Friday, February 12, 2010

Red Velvet Cake



This Red Velvet Cake begins a small series of cakes devoted to Valentines Day.

Cakes that look and taste like love.

Cakes that say, "If you eat me, you will fall in love tonight."


At least, you'll fall in love with cake tonight.

I used a recipe from Pinch My Salt, another great food blog out there.

I was pleased with the results: a moist, very red cake. (and I only added 1.5 oz red food coloring, when the recipe called for 2. And ounce of food coloring may not sound like very much, but it's a whole bottle, people!)

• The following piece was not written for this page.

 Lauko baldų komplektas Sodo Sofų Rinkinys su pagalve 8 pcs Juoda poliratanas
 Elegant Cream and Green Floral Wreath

The recipe specifies sifting the cake flour before measuring, and then again with the dry ingredients. The way I measure flour now in general is pouring it into the measuring cup from another container and then leveling the top. In general this gives a more accurate measure, though the recipe may indicate the method preferable. I think many people inadvertently end up with too much flour in their batters when they scoop because it can pack too much in the cup measure. This will result in drier cakes.

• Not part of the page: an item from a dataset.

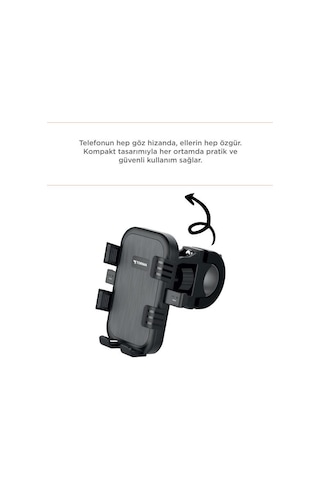 Telefon Tutucu 2si1 Arada Bisiklet Motosiklet Ve Scooter Telefon Tutacağı Jx067 Siyah Diğer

My favorite method is weighing, though. I wish more recipes listed ingredients by weight. Which reminds me, I need a new battery for my kitchen scale.

Ingredients:
2 1/2 cups sifted cake flour
1 t baking powder
1 t salt
2 T cocoa powder (unsweetened)
2 oz red food coloring
1/2 cup unsalted butter, room temp
1 1/2 cup sugar
2 eggs, room temp
1 t vanilla extract
1 cup buttermilk, room temp
1 t white vinegar
1 t baking soda

Preheat to 350. Butter and flour 2 9-in round cake pans.

Sift together cake flour, baking powder and salt into a medium bowl and set aside. In a small bowl, mix together food coloring and cocoa powder to form a smooth, thin paste. I like this part. It feels like mixing paint.

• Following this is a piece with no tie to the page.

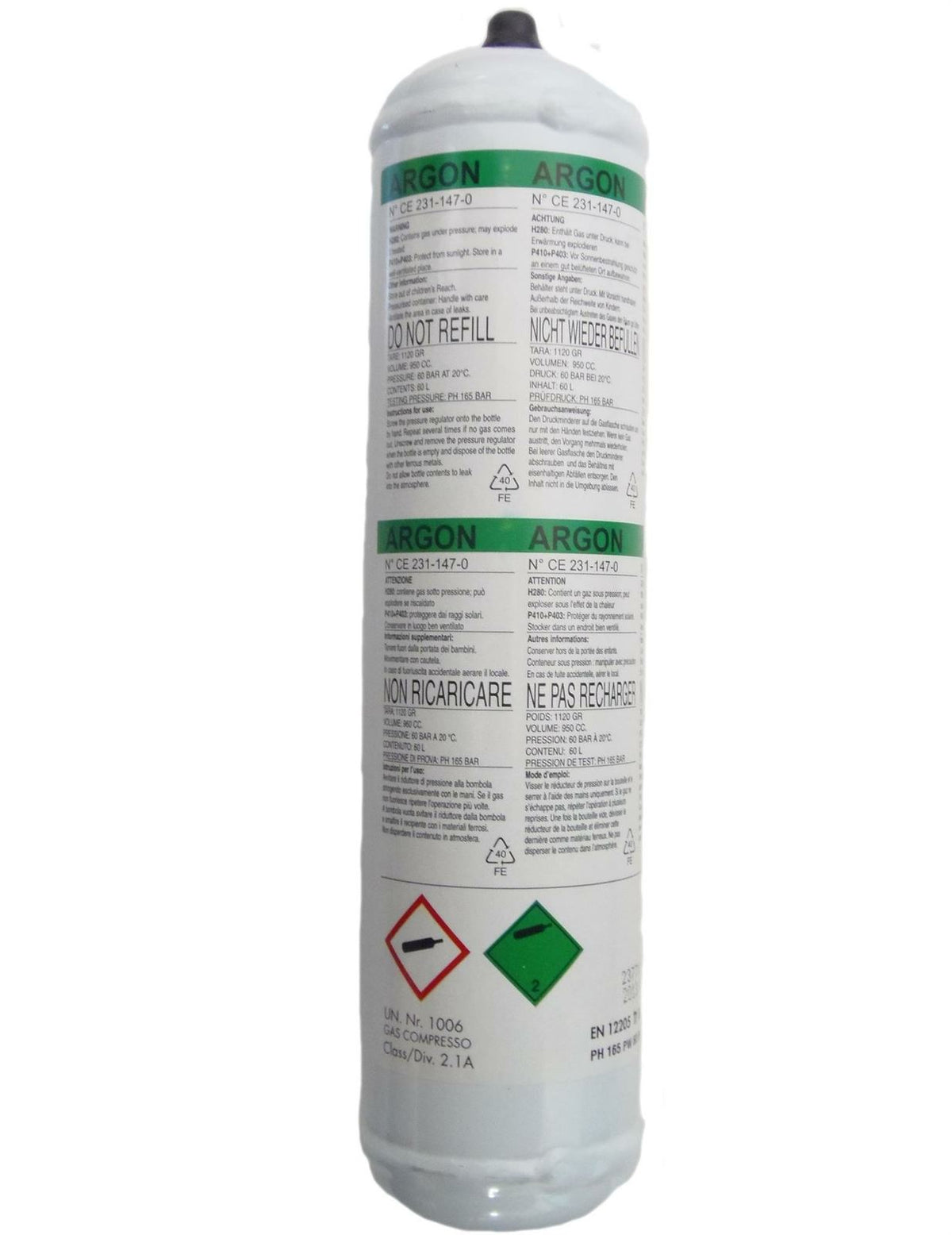 Argon Pure Disposable Welding Mig Gas Bottle Welders 60 Litre For Mini Regulator 4002261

In a large bowl, using a mixer, beat butter and sugar together until fluffy, 3-5 minutes. Beat in eggs, one at a time, then vanilla, then the red cocoa paste, scraping the bowl as needed. Add one third of the flour mixture, then 1/2 the buttermilk and so on, alternating the two. Scrape and beat well.

Keep your prepared pans close and combine the baking soda and vinegar in a small bowl. Add it to the cake batter and stir until well combined. Now, you want to get these cakes into the oven as fast as possible now, so divide between your pans quickly. Bake for 25-30 min (mine may have taken closer to 20; our oven runs hot). Check early and remove when a poking implement poked in the center of the cake comes out clean.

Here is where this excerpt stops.